Un’altra, non meno celebre, era quella di Palazzo Borghese in Campo Marzio, voluta dal principe Giovanni Battista: «dalle dimensioni più ampie di un camerino e di un’alcova», comprendeva «ben quarantaquattro quadri di soggetto omogeneo, fra il mitologico e l’erotico».
Le stanze delle Veneri durarono fintantoché il moralismo del XVIII secolo non le giudicò sconvenienti. La Lotte di Werther somiglia poco a un’Afrodite, semmai a una Madonna. «Sostituite, sublimate o ricondotte ad ambienti codificati – scrive la Cappelletti –, le Stanze di Venere dunque si sfaldano e le immagini si disperdono nuovamente nelle Guardarobe, nei camerini, nelle logge delle ville; nell’unico luogo in cui sembrano ancora concentrate, all’inizio dell’Ottocento, costituiscono più che altro un problema da affrontare, l’oggetto continuo di decreti per decidere la loro sorte».

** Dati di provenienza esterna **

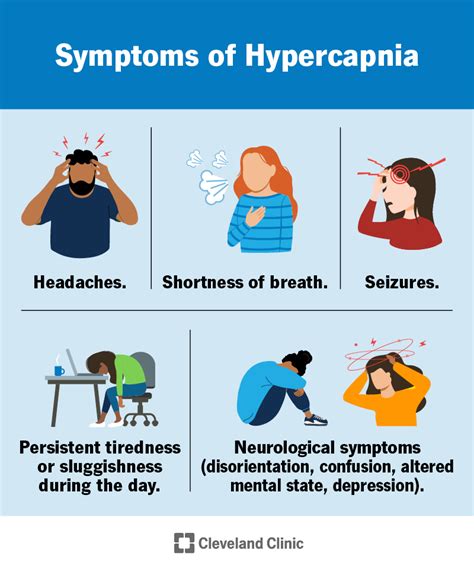 Infografía mostrando los principales síntomas de la hipercapnia: dolor de cabeza, somnolencia, dificultad para respirar, confusión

Esemplare è il caso della collezione Sacchetti: donata alla Pinacoteca Capitolina, venne giudicata troppo indecente per essere mostrata al pubblico, si preferì così donarla tra il 1844 e il 1845 all’Accademia di San Luca, dove gli artisti avrebbero saputo guardare quei corpi fatti per sedurre col frigido occhio di un anatomista o al più di un erudito. Dopo averle celate alla vista (con l’eccezione di quelle zuccherine e artificiose alla Bouguerau), l’Ottocento relegava dunque tutte queste Afroditi nel deposito dell’inconscio, da dove, sul finire di quello stesso secolo, la psicoanalisi le avrebbe tratte fuori. Al tempo della Secessione, d’altra parte, persino Minerva perse la sua castità. Venere in soffitta. Venere in pelliccia.